2. The Economic Effects of Isolated Monopolies

Whether the monopolist can exploit his position at all depends on the shape of the demand curve of the monopolized commodity and on the costs of producing the marginal unit of the commodity at the existing scale of production. Only when the conditions are such that the sale of a smaller quantity at higher prices yields a greater net profit than the sale of a larger quantity at lower prices, is it possible to apply the specific principle of monopolistic policy.1  But even then it is applied only if the monopolist fails to find a method of securing still higher profits. The monopolist serves his interests best if he can separate buyers into classes according to their purchasing power, for he can then exploit the purchasing power of each class separately and exact the highest prices from its members. Railways and other transport undertakings, which grade their tariffs according to what the traffic will bear are in this class. If, following the general method of monopolists, they treated all users of transport uniformly, those less able to pay would be excluded from transport and for those able to stand higher charges transport would be cheapened. The effect of this on the local distribution of industry is clear; amongst the factors determining the localization of individual industries the transport factor would make itself felt in a different way.
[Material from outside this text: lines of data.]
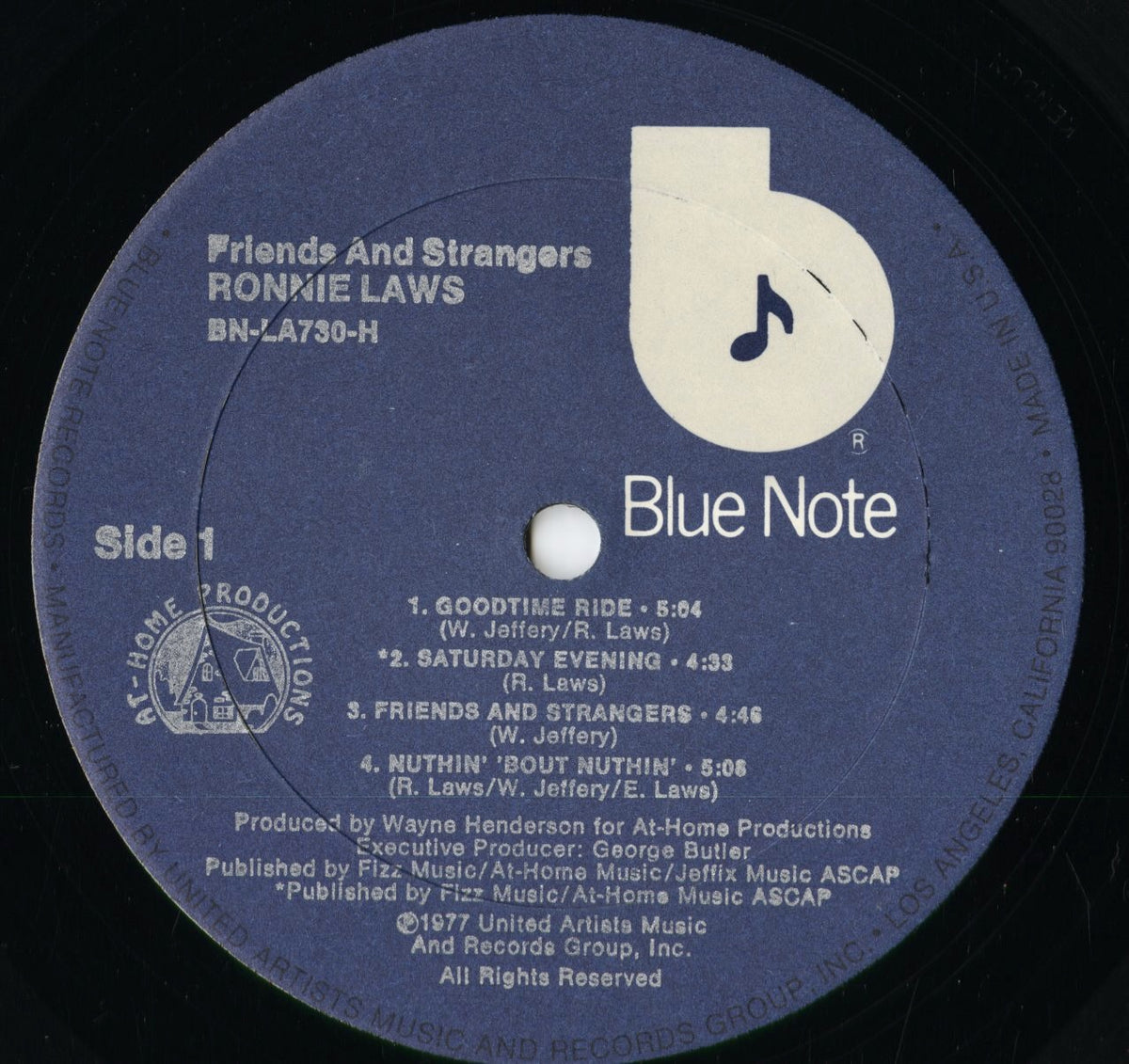 Ronnie Laws - Friends & Strangers (BN-LA730H) 1977 US Blue Note|中古LP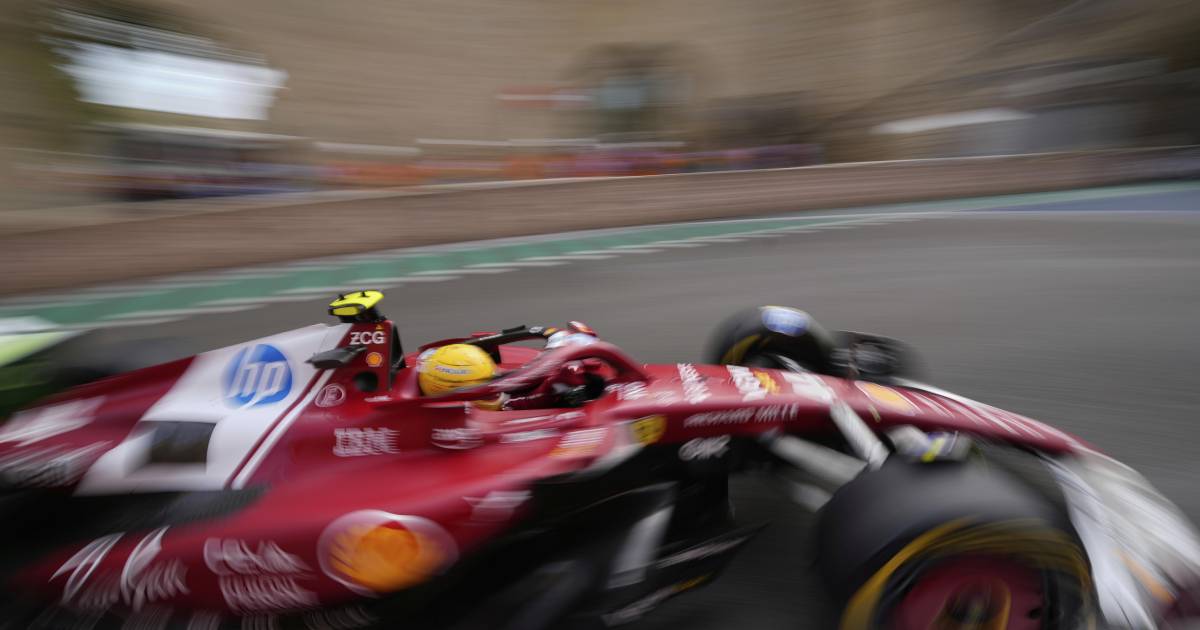 Hamilton brilla en Bakú: lidera las prácticas libres del GP de Azerbaiyán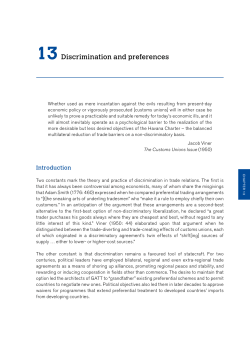 Discrimination and preferences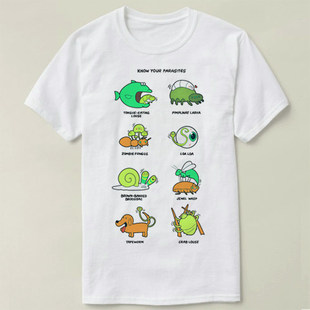 Biology 生物 parasites  定制男女Tee T-Shirt T恤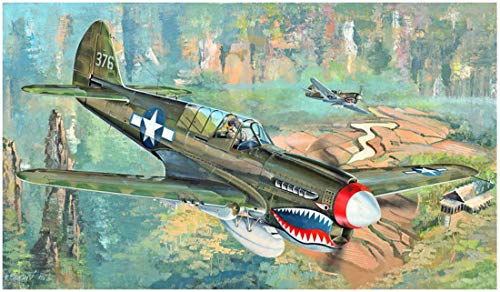 Trumpeter 02212 1/32 P-40N - Maqueta de Kitty Hawk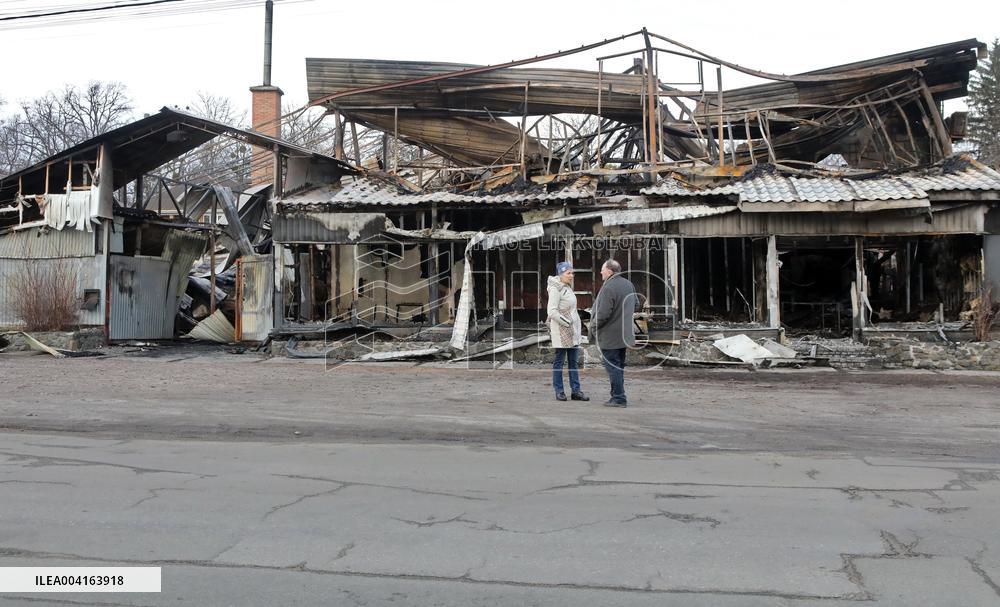 Shahed fragments hit furniture factory in Kyiv region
In examining the economic effect of monopoly, we must limit investigation to the type which restricts the production of its commodity. Now the result of this restriction is not that less is produced quantitively. Capital and labour, set free by the restriction of production, must find employment in other production. For in the long run in the free economy there is neither unemployed capital nor unemployed labour. Thus against the smaller production of the monopolized goods one must set the increased production of other goods. But these, of course, are less important goods, which would not have been produced and consumed if the more pressing demands for a larger quantity of the monopolized commodity could have been satisfied. The difference between the value of these goods and the higher value of the quantity of the monopolized commodity not produced represents the loss of welfare which the monopoly has inflicted on the national economy. Here private profit and social productivity are at variance. A socialist society under such circumstances would act differently from a capitalist society.

It has often been pointed out that although the monopoly can prove harmful to the consumer it might, on the other hand, be turned to his advantage. Monopoly could produce more cheaply because it eliminates all the expenses of competition and because, being adapted to large scale operations it enjoys all advantages of the division of labour. But this in no wise alters the fact that monopoly deflects production from more important products to less important ones. It may be, as the defender of trusts is fond of repeating, that the monopolist, unable to increase his profit otherwise, endeavours to improve productive technique, but it is difficult to understand why the urge to this should be greater in him than in the competitive producer. Even if this be admitted, however, it does not alter what we have said about the social effects of monopoly.

  • 1Compare on this important principle the large literature on the monopoly price. For example, Wieser, Theorie der gesellschaftlichen Wirtschaft, (Grundriss für Sozialökonomik, Part I, Tübingen 1914), p. 276.